# FFFG Triple seven??



## goosefreak (Aug 20, 2009)

I drew a Wasatch Muzzy Elk tag and I don’t have enough BH powder or Bullets that I normally shoot due to availability issues.
I’ll be using my CVA Accura V2 .50 with the Barnes 250gr TMZ. Of which I have tons of.

Since I can’t get any Black Horn and I don’t want to risk waiting and never finding any, I was gonna try the Triple seven FFFG loose powder but, it’s new to me. Can anyone educate me on shooting FFFG T7 with a 250gr bullet out of a .50 Cal??
I want to shoot the 250gr as fast as I can without loosing accuracy.
Iv always measured my BH by weight on a scale, can I do that with FFFG or just volume scale? (Without sacrificing accuracy)
I shoot the Federal 209A primers.

just a 200yrd gun but, pushing the 250 solid copper bullet accurate, hard and fast! (Oh baby)

FFG vs FFFG ?

My “OLD” load WAS a 290gr TMZ with 110 of BH….

(Picture for Attention)


----------



## KineKilla (Jan 28, 2011)

I could sell you a bottle of BH209. I have a couple spares and didn't draw my MZ tag this year.

Sent from my SM-N976U using Tapatalk


----------



## CPAjeff (Dec 20, 2014)

Congrats on the tag!! To your OP - I don’t have any experience with that powder, but I’ve got a bottle of BH about 75% full. More than happy to give you some!


----------



## BPturkeys (Sep 13, 2007)

FFFG powder is typically used in pistols and smaller caliber rifles. FFG is a more appropriate powder for rifle 50cal and larger firfles.
If you must use FFFG I would cut the load back. 
Best of all would be to find some FFG powder and use your old load.
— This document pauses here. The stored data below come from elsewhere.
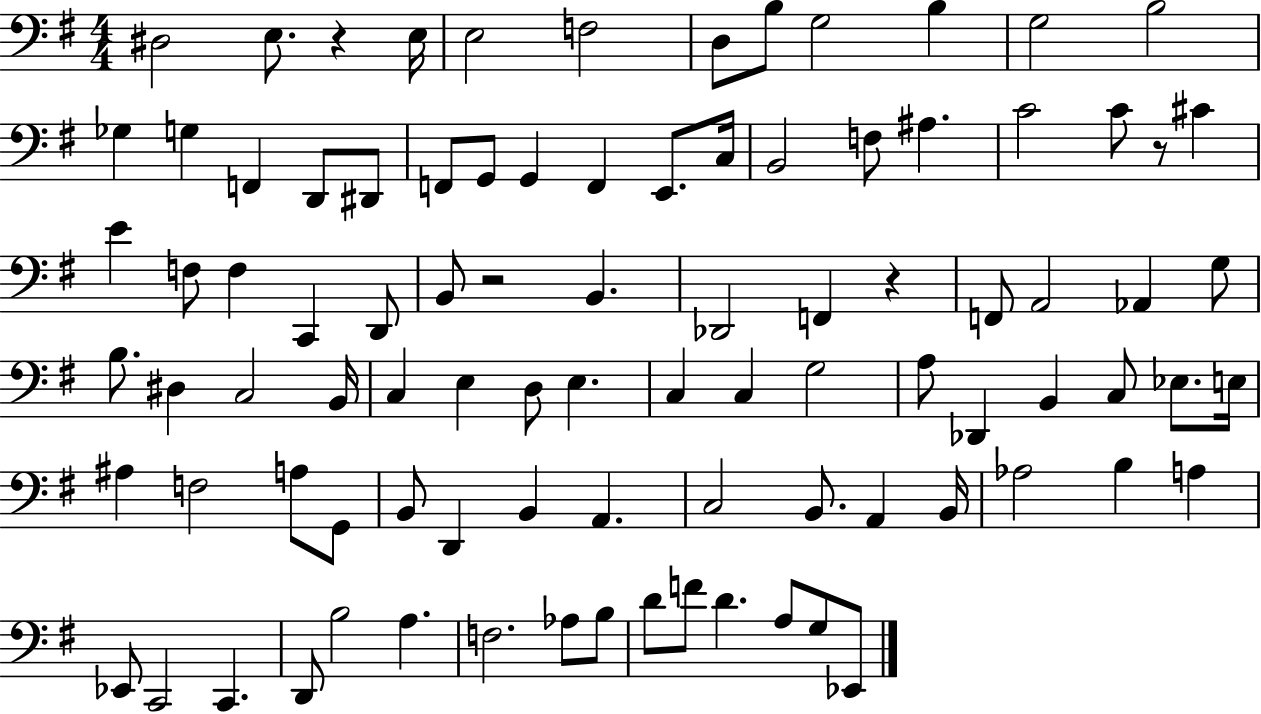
D#3/h E3/e. R/q E3/s E3/h F3/h D3/e B3/e G3/h B3/q G3/h B3/h Gb3/q G3/q F2/q D2/e D#2/e F2/e G2/e G2/q F2/q E2/e. C3/s B2/h F3/e A#3/q. C4/h C4/e R/e C#4/q E4/q F3/e F3/q C2/q D2/e B2/e R/h B2/q. Db2/h F2/q R/q F2/e A2/h Ab2/q G3/e B3/e. D#3/q C3/h B2/s C3/q E3/q D3/e E3/q. C3/q C3/q G3/h A3/e Db2/q B2/q C3/e Eb3/e. E3/s A#3/q F3/h A3/e G2/e B2/e D2/q B2/q A2/q. C3/h B2/e. A2/q B2/s Ab3/h B3/q A3/q Eb2/e C2/h C2/q. D2/e B3/h A3/q. F3/h. Ab3/e B3/e D4/e F4/e D4/q. A3/e G3/e Eb2/e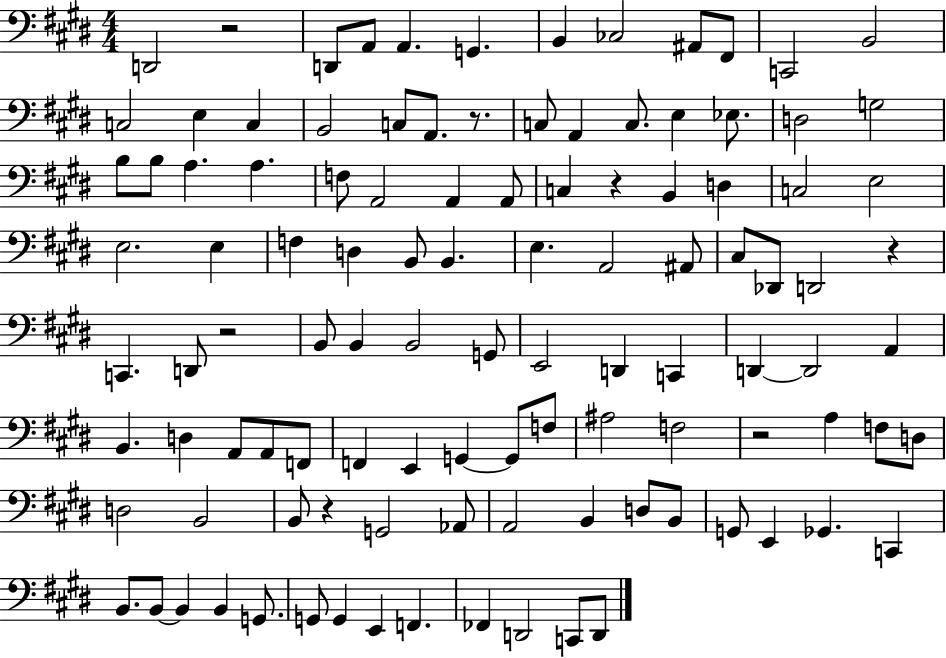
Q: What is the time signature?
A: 4/4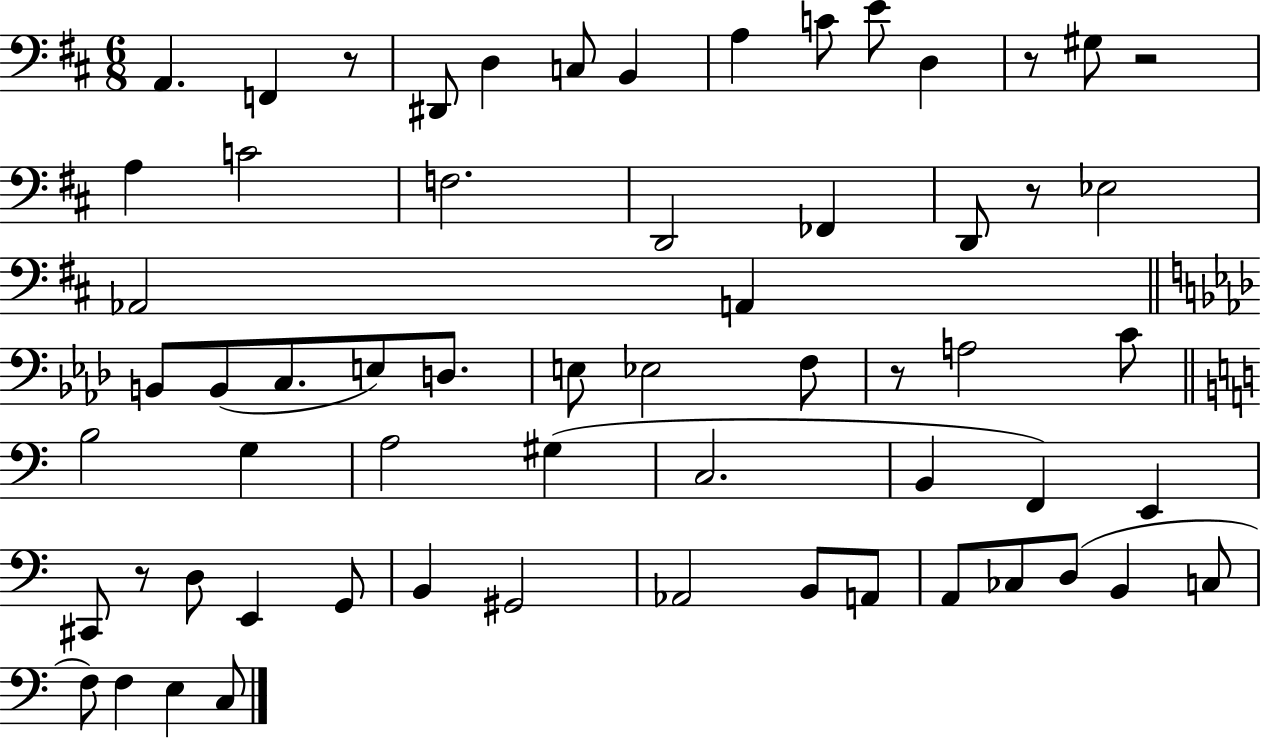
A2/q. F2/q R/e D#2/e D3/q C3/e B2/q A3/q C4/e E4/e D3/q R/e G#3/e R/h A3/q C4/h F3/h. D2/h FES2/q D2/e R/e Eb3/h Ab2/h A2/q B2/e B2/e C3/e. E3/e D3/e. E3/e Eb3/h F3/e R/e A3/h C4/e B3/h G3/q A3/h G#3/q C3/h. B2/q F2/q E2/q C#2/e R/e D3/e E2/q G2/e B2/q G#2/h Ab2/h B2/e A2/e A2/e CES3/e D3/e B2/q C3/e F3/e F3/q E3/q C3/e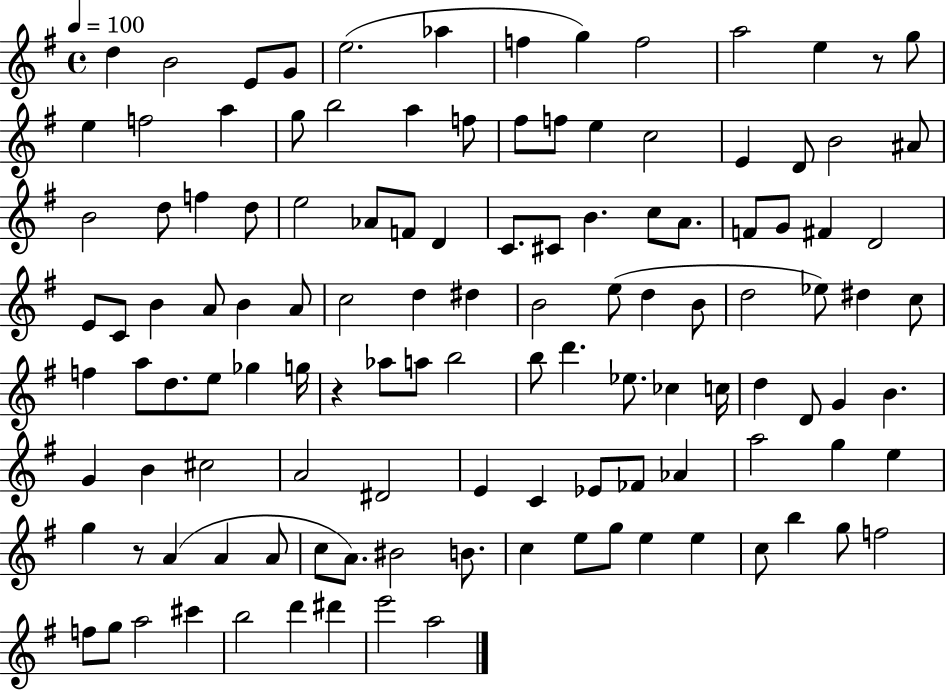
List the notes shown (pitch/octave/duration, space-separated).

D5/q B4/h E4/e G4/e E5/h. Ab5/q F5/q G5/q F5/h A5/h E5/q R/e G5/e E5/q F5/h A5/q G5/e B5/h A5/q F5/e F#5/e F5/e E5/q C5/h E4/q D4/e B4/h A#4/e B4/h D5/e F5/q D5/e E5/h Ab4/e F4/e D4/q C4/e. C#4/e B4/q. C5/e A4/e. F4/e G4/e F#4/q D4/h E4/e C4/e B4/q A4/e B4/q A4/e C5/h D5/q D#5/q B4/h E5/e D5/q B4/e D5/h Eb5/e D#5/q C5/e F5/q A5/e D5/e. E5/e Gb5/q G5/s R/q Ab5/e A5/e B5/h B5/e D6/q. Eb5/e. CES5/q C5/s D5/q D4/e G4/q B4/q. G4/q B4/q C#5/h A4/h D#4/h E4/q C4/q Eb4/e FES4/e Ab4/q A5/h G5/q E5/q G5/q R/e A4/q A4/q A4/e C5/e A4/e. BIS4/h B4/e. C5/q E5/e G5/e E5/q E5/q C5/e B5/q G5/e F5/h F5/e G5/e A5/h C#6/q B5/h D6/q D#6/q E6/h A5/h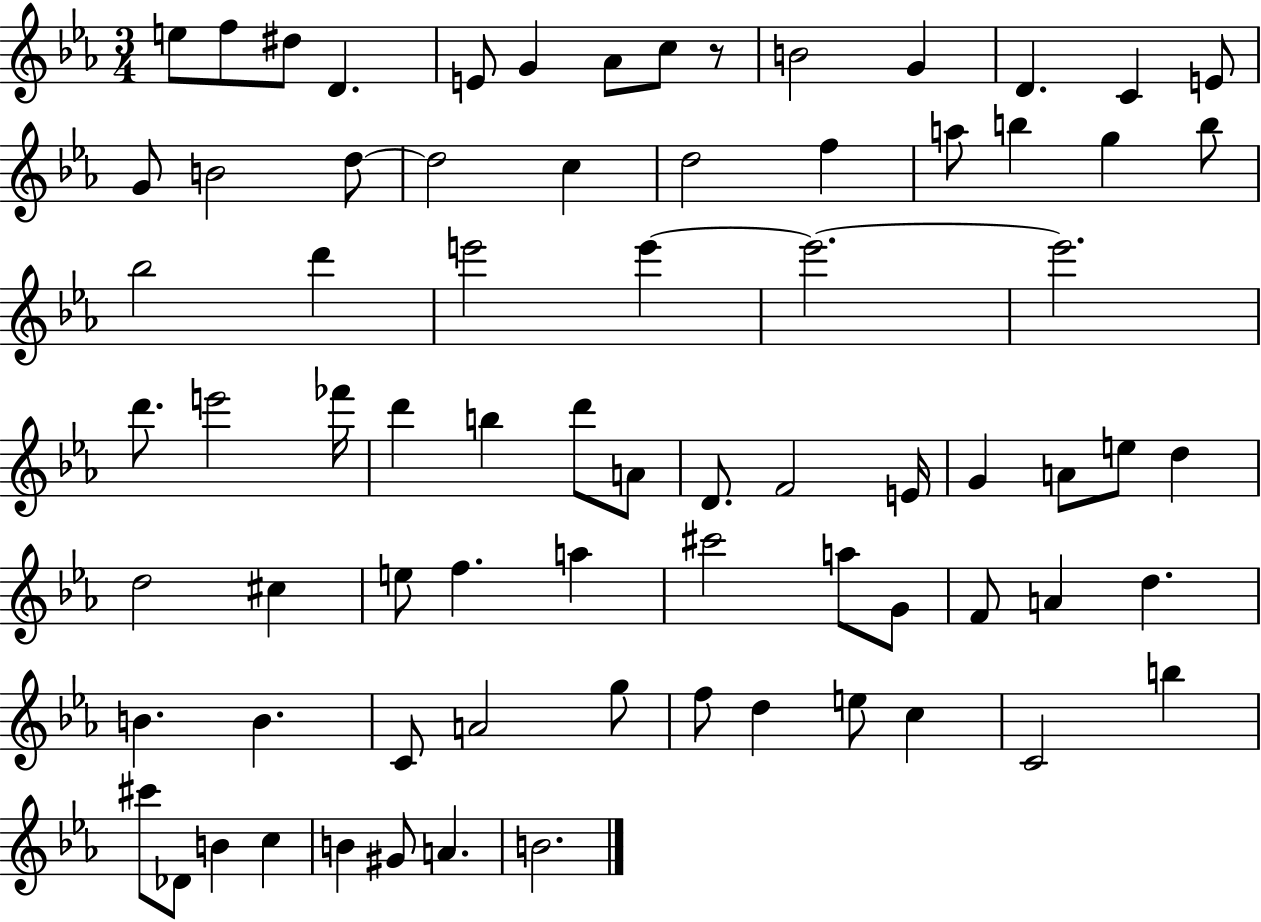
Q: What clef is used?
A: treble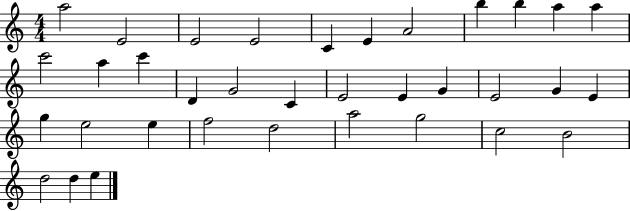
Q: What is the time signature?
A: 4/4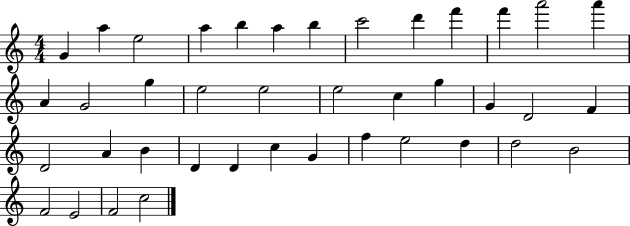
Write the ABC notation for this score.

X:1
T:Untitled
M:4/4
L:1/4
K:C
G a e2 a b a b c'2 d' f' f' a'2 a' A G2 g e2 e2 e2 c g G D2 F D2 A B D D c G f e2 d d2 B2 F2 E2 F2 c2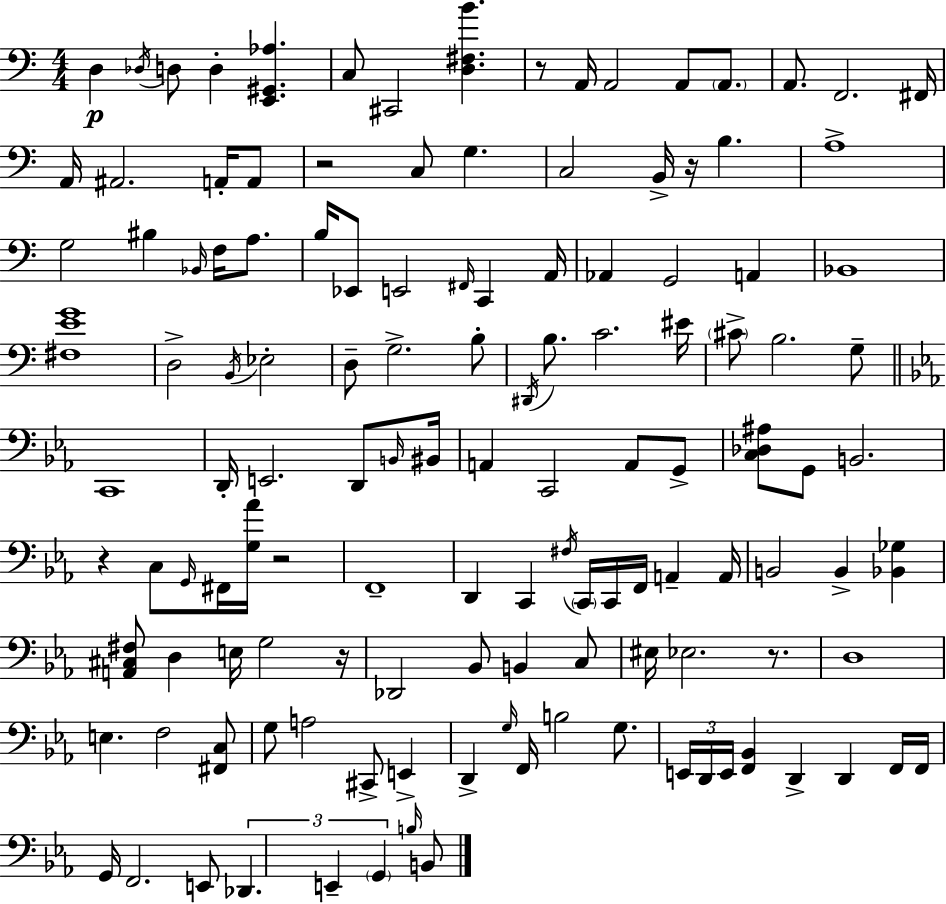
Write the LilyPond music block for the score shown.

{
  \clef bass
  \numericTimeSignature
  \time 4/4
  \key a \minor
  d4\p \acciaccatura { des16 } d8 d4-. <e, gis, aes>4. | c8 cis,2 <d fis b'>4. | r8 a,16 a,2 a,8 \parenthesize a,8. | a,8. f,2. | \break fis,16 a,16 ais,2. a,16-. a,8 | r2 c8 g4. | c2 b,16-> r16 b4. | a1-> | \break g2 bis4 \grace { bes,16 } f16 a8. | b16 ees,8 e,2 \grace { fis,16 } c,4 | a,16 aes,4 g,2 a,4 | bes,1 | \break <fis e' g'>1 | d2-> \acciaccatura { b,16 } ees2-. | d8-- g2.-> | b8-. \acciaccatura { dis,16 } b8. c'2. | \break eis'16 \parenthesize cis'8-> b2. | g8-- \bar "||" \break \key c \minor c,1 | d,16-. e,2. d,8 \grace { b,16 } | bis,16 a,4 c,2 a,8 g,8-> | <c des ais>8 g,8 b,2. | \break r4 c8 \grace { g,16 } fis,16 <g aes'>16 r2 | f,1-- | d,4 c,4 \acciaccatura { fis16 } \parenthesize c,16 c,16 f,16 a,4-- | a,16 b,2 b,4-> <bes, ges>4 | \break <a, cis fis>8 d4 e16 g2 | r16 des,2 bes,8 b,4 | c8 eis16 ees2. | r8. d1 | \break e4. f2 | <fis, c>8 g8 a2 cis,8-> e,4-> | d,4-> \grace { g16 } f,16 b2 | g8. \tuplet 3/2 { e,16 d,16 e,16 } <f, bes,>4 d,4-> d,4 | \break f,16 f,16 g,16 f,2. | e,8 \tuplet 3/2 { des,4. e,4-- \parenthesize g,4 } | \grace { b16 } b,8 \bar "|."
}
Lots pf Pyrodex out there. It shoots a little dirty but will give your pretty good accuracy.
Black powder guns are quite forgiving but I think you will find you get much better results using FFG powder.


----------



## DallanC (Jan 13, 2009)

FFF is roughly 10% hotter than FF. Same with Pyrodex RS vs P. It has different burn rate characteristics as well. Some rifles can get tighter groups swapping over... but you really need to be careful here, and work up loads over a chronograph.

IMO stick with FF / RS.

-DallanC


----------



## BPturkeys (Sep 13, 2007)

DallanC said:


> FFF is roughly 10% hotter than FF. Same with Pyrodex RS vs P. It has different burn rate characteristics as well. Some rifles can get tighter groups swapping over... but you really need to be careful here, and work up loads over a chronograph.
> 
> IMO stick with FF / RS.
> 
> -DallanC


Absolutely. It's all about burn rate just as with modern propellants black powders burn at different rates not only due to the size of the granules but the composition of the actual black powder itself. Different charcoals that is charcoal made from different types of wood is the primary affectent in regards to the burn rate of black powders. At any rate do as Dallan said and cut back on your loads if you use any fffg equivalent powder by any manufacturer.


----------



## goosefreak (Aug 20, 2009)

Thanks guys for the education on 3FG! Kinekilla hooked me up with some BH 209 and I was able to get another bottle from another friend. I got the low down on 6 more bottles from out of state I’m gonna try and get my hands on if I’m lucky. Better stock up when you can!

CPAjeff, thanks for the offer! Keep it though. I saved you number..


----------